Kata normalisasi yang diambil dari bahasa Inggris, normalization, dan disesuaikan dengan ejaan bahasa Indonesia bermakna ’tindakan mengembalikan pada keadaan normal’.
Dalam konteks penanganan banjir, kata tersebut selama ini kita pahami sebagai proses pengembalian lebar sungai dan memperkuat dinding sungai dengan pembetonan. Kata ini ”naik daun” saat kawasan Kampung Pulo ditertibkan pada 2016. (Kompas, 7 Januari 2020)
Akan halnya naturalisasi, yang juga diambil dari bahasa Inggris, naturalization, bermakna ’tindakan atau proses menjadi warga negara’. Kamus Oxford daring mengartikan kata ini sebagai ’proses membuat seseorang yang tidak dilahirkan di negara tertentu menjadi warga negara dari negara itu’.
Dalam sejumlah kamus, kata ini juga mengacu pada urusan warga negara (pewarganegaraan), dan tidak mengacu pada masalah lain, apalagi banjir.
Sampai di sini kata normalisasi tidak menimbulkan masalah.

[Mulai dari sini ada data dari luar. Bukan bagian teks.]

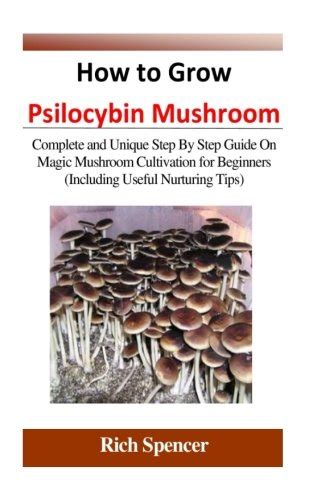 How To Grow Psilocybin Mushroom Complete And Unique Step By Step Guide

Hal itu berbeda dengan kata naturalisasi yang selain berbeda maknanya, bisa jadi juga berbeda cara pembentukannya.
Mari kita bandingkan penggunaan kata naturalisasi yang maknanya sudah lama dikenal oleh pengguna bahasa Indonesia dengan naturalisasi yang maknanya baru berkembang belakangan ini.

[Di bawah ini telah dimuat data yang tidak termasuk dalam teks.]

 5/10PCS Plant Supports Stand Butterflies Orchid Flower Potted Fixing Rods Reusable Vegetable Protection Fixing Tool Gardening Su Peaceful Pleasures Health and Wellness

Bintang film Yul Brynner melepaskan kewarganegaraan AS-nya, demikian Kemlu AS di Washington mengabarkan hari Selasa. Brynner, warga negara AS, melalui naturalisasi, menyerahkan paspornya pada pejabat AS di Jerusalem (Kompas, 24 Juni 1965).
… Gubernur DKI Anies Baswedan mengatakan, pihaknya berniat membuat program naturalisasi sungai. Sebagian sungai akan dikeruk menyesuaikan kondisi setiap tempatnya (Kompas, 12 Desember 2017).
Nyatalah bahwa naturalisasi dalam dua kalimat tersebut berbeda maknanya satu sama lain. Naturalisasi pada contoh pertama terkait dengan urusan warga negara, sedangkan pada contoh kedua terkait dengan konsep pembangunan dan revitalisasi terhadap prasarana sumber daya air (sungai) sesuai Peraturan Gubernur DKI Nomor 31 Tahun 2019.
Konsep naturalisasi, demikian tertuang dalam peraturan gubernur tersebut, adalah cara mengelola prasarana sumber daya air melalui konsep pengembangan ruang terbuka hijau dengan tetap memperhatikan kapasitas tampungan, fungsi pengendalian banjir, serta konservasi.
Dalam bahasa yang lebih sederhana, karena kata ini dipertentangkan dengan kata normalisasi, kata naturalisasi diartikan sebagai proses pengembalian lebar sungai dengan membiarkan dinding sungai tetap alami (natural) tanpa pembetonan.
Naturalisasi dalam KBBI
Kamus Besar Bahasa Indonesia (KBBI) menyebut naturalisasi sebagai pemerolehan kewarganegaraan bagi penduduk asing; hal menjadikan warga negara; atau pewarganegaraan yang diperoleh setelah memenuhi syarat sebagaimana yang ditetapkan dalam peraturan perundang-undangan.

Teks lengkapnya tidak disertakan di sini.